## [Your assignment]
When you reach the line containing "スリムプロテクションケース［ CERUMO - INGING" in the entries below, begin reproducing lines exactly, and stop once the line containing "101 Cup Aluminum" is done.

## [Excerpted data]
▬▬▬▬▬▬
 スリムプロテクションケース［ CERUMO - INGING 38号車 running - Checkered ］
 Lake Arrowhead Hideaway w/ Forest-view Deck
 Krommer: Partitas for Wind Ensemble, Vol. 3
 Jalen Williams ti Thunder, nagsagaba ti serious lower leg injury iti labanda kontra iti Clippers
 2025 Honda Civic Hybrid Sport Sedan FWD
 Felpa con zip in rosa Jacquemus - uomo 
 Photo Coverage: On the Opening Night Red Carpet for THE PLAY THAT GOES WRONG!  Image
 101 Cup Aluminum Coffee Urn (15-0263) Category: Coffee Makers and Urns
▬▬▬▬▬▬
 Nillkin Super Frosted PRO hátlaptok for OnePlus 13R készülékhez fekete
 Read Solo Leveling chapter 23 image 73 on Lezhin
▬▬▬▬▬▬
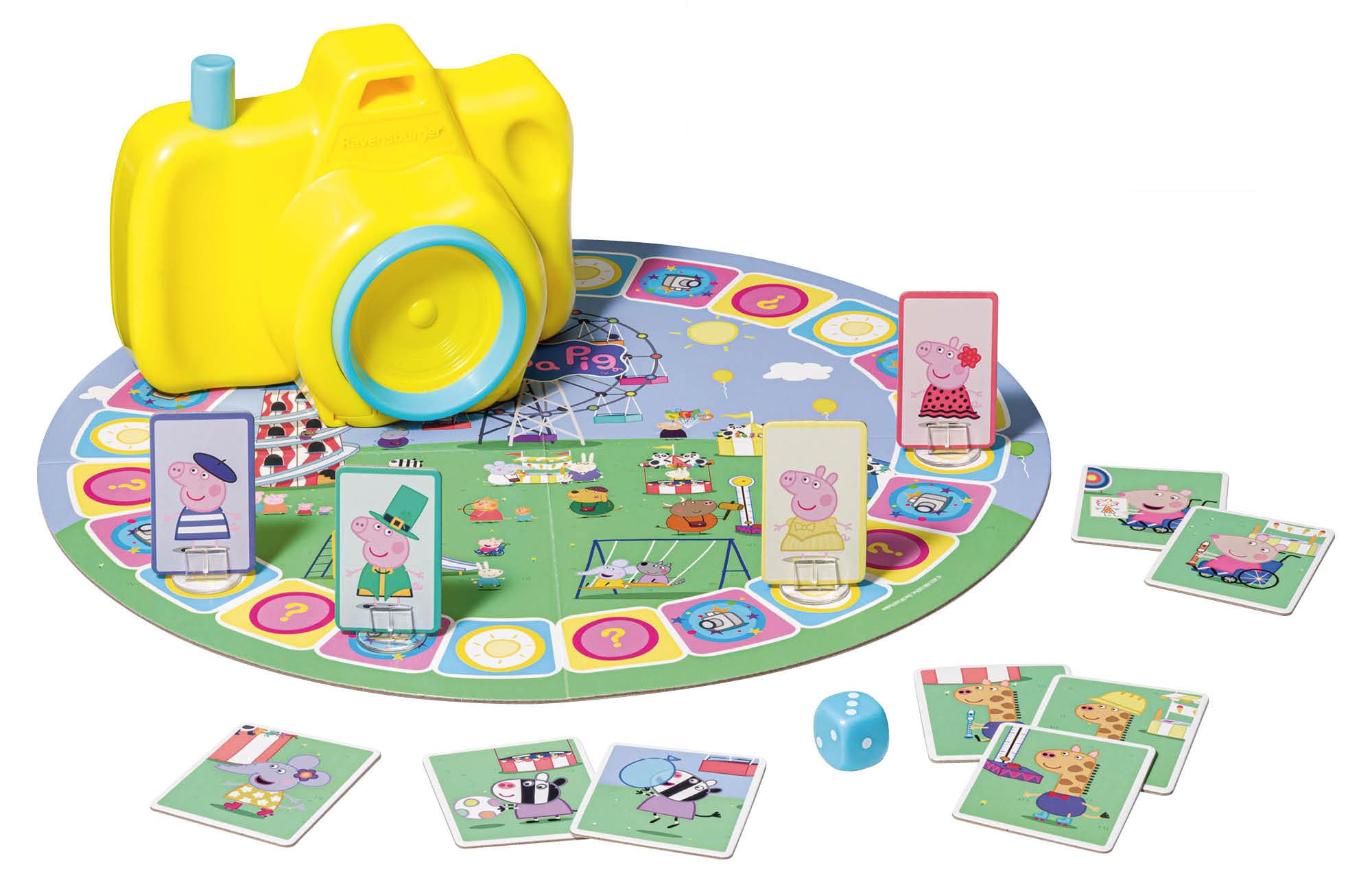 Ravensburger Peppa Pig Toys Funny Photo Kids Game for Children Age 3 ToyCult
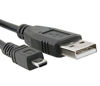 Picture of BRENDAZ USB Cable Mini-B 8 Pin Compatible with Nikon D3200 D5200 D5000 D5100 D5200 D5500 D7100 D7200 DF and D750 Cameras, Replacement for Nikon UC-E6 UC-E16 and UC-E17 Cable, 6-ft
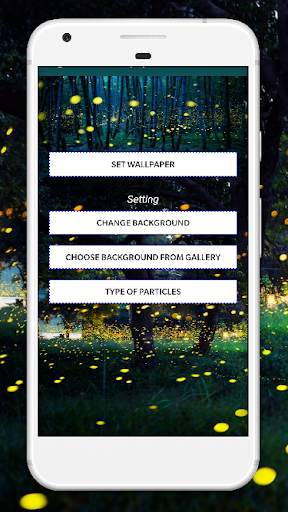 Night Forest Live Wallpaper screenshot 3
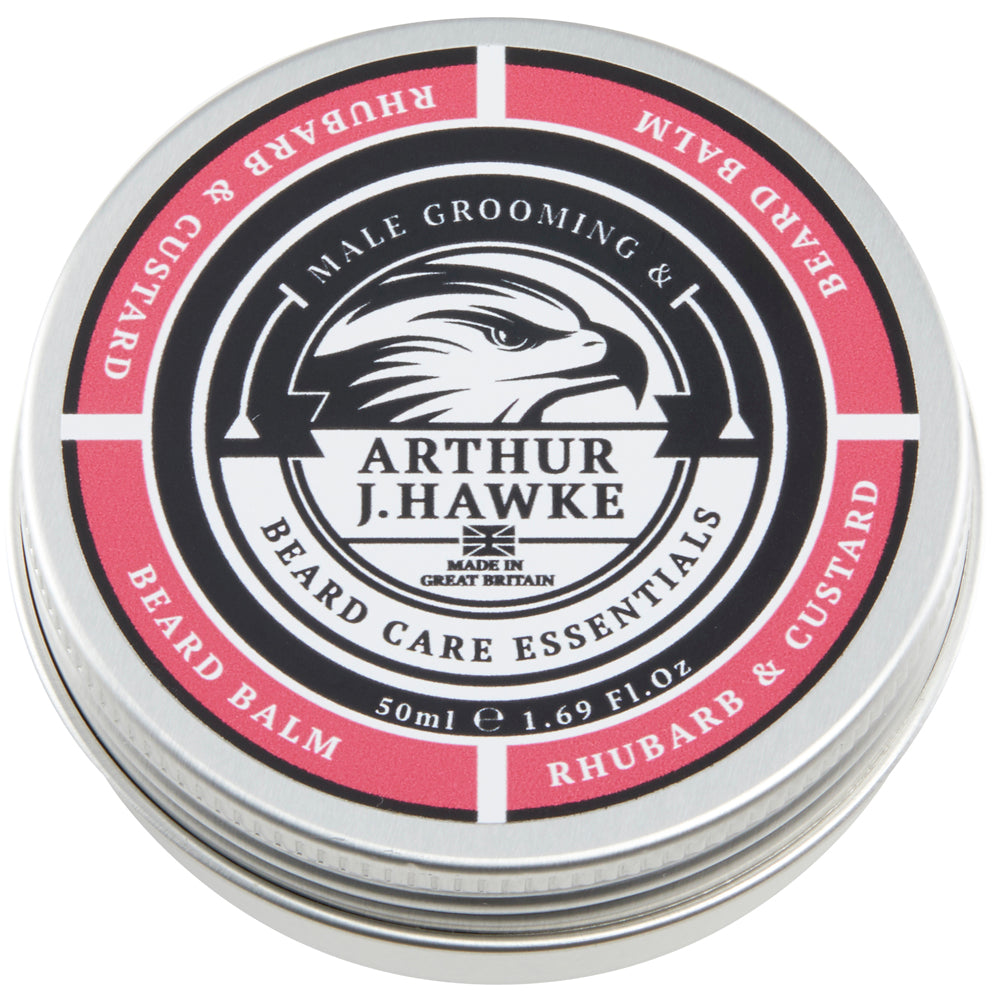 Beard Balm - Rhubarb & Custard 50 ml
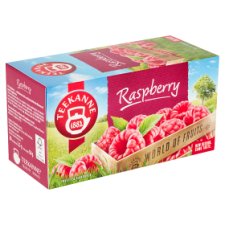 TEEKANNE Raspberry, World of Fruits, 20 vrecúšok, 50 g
▬▬▬▬▬▬
## [Answer to this task]
 スリムプロテクションケース［ CERUMO - INGING 38号車 running - Checkered ］
 Lake Arrowhead Hideaway w/ Forest-view Deck
 Krommer: Partitas for Wind Ensemble, Vol. 3
 Jalen Williams ti Thunder, nagsagaba ti serious lower leg injury iti labanda kontra iti Clippers
 2025 Honda Civic Hybrid Sport Sedan FWD
 Felpa con zip in rosa Jacquemus - uomo 
 Photo Coverage: On the Opening Night Red Carpet for THE PLAY THAT GOES WRONG!  Image
 101 Cup Aluminum Coffee Urn (15-0263) Category: Coffee Makers and Urns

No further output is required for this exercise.